Longchamp and Jeremy Scott have marked two decades of partnership with the release of a New York-themed capsule collection, celebrating a collaboration that began in 2006 and has produced some of the French house’s most irreverent and commercially successful pieces. The collection, unveiled at a star-studded event in Manhattan attended by Zoey Deutch, Kate Mara, and Emma Roberts, features Scott’s signature graphic irreverence applied to Longchamp’s iconic Le Pliage silhouette — a travel bag that has become a canvas for the designer’s playful subversions of American and French visual culture.

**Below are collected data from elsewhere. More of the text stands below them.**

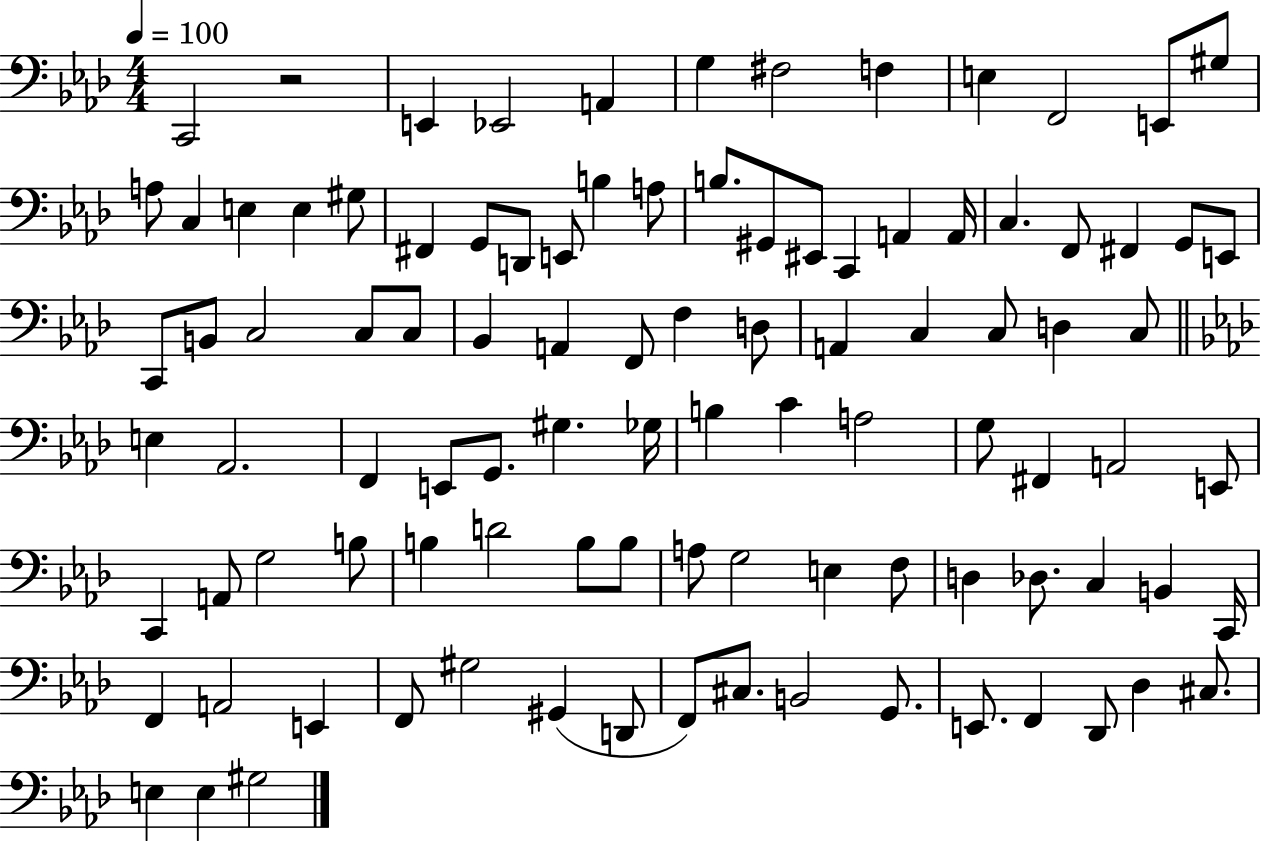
X:1
T:Untitled
M:4/4
L:1/4
K:Ab
C,,2 z2 E,, _E,,2 A,, G, ^F,2 F, E, F,,2 E,,/2 ^G,/2 A,/2 C, E, E, ^G,/2 ^F,, G,,/2 D,,/2 E,,/2 B, A,/2 B,/2 ^G,,/2 ^E,,/2 C,, A,, A,,/4 C, F,,/2 ^F,, G,,/2 E,,/2 C,,/2 B,,/2 C,2 C,/2 C,/2 _B,, A,, F,,/2 F, D,/2 A,, C, C,/2 D, C,/2 E, _A,,2 F,, E,,/2 G,,/2 ^G, _G,/4 B, C A,2 G,/2 ^F,, A,,2 E,,/2 C,, A,,/2 G,2 B,/2 B, D2 B,/2 B,/2 A,/2 G,2 E, F,/2 D, _D,/2 C, B,, C,,/4 F,, A,,2 E,, F,,/2 ^G,2 ^G,, D,,/2 F,,/2 ^C,/2 B,,2 G,,/2 E,,/2 F,, _D,,/2 _D, ^C,/2 E, E, ^G,2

The capsule centers on a limited-edition Le Pliage travel bag emblazoned with Scott’s characteristic pop-art motifs: skulls rendered in candy colors, bold typography referencing New York’s taxi-cab vernacular, and a stars-and-stripes treatment that winks at patriotism rather than declaring it. The pieces are produced in Longchamp’s signature nylon with leather trim — the same construction that has made Le Pliage an enduring object of functional luxury. What Scott adds is a layer of cultural commentary that transforms the bag from a utilitarian staple into a collector’s item.
The longevity of the Longchamp-Scott partnership is itself a case study in the economics of brand-designer relationships. In an era where creative directors cycle through houses with the frequency of seasonal collections, a 20-year collaboration is almost unheard of. The relationship works, in part, because it exists outside the conventional fashion calendar — Scott is not Longchamp’s creative director but an ongoing collaborator whose seasonal interventions function as limited-edition moments rather than full-season commitments. This structure allows for creative risk without the weight of full-scale brand repositioning.
The event itself — held at a loft space in SoHo — drew a cross-section of New York’s creative class, from fashion editors to musicians to actors. Co hosted by Coco Rocha, who wore a dramatic feathered look that riffed on the avian motifs of Scott’s earlier Longchamp collections, the evening underscored the genuine affection that the fashion community holds for this partnership. Few collaborations can claim two decades of consistent output; fewer still can claim to have maintained their creative energy across that span.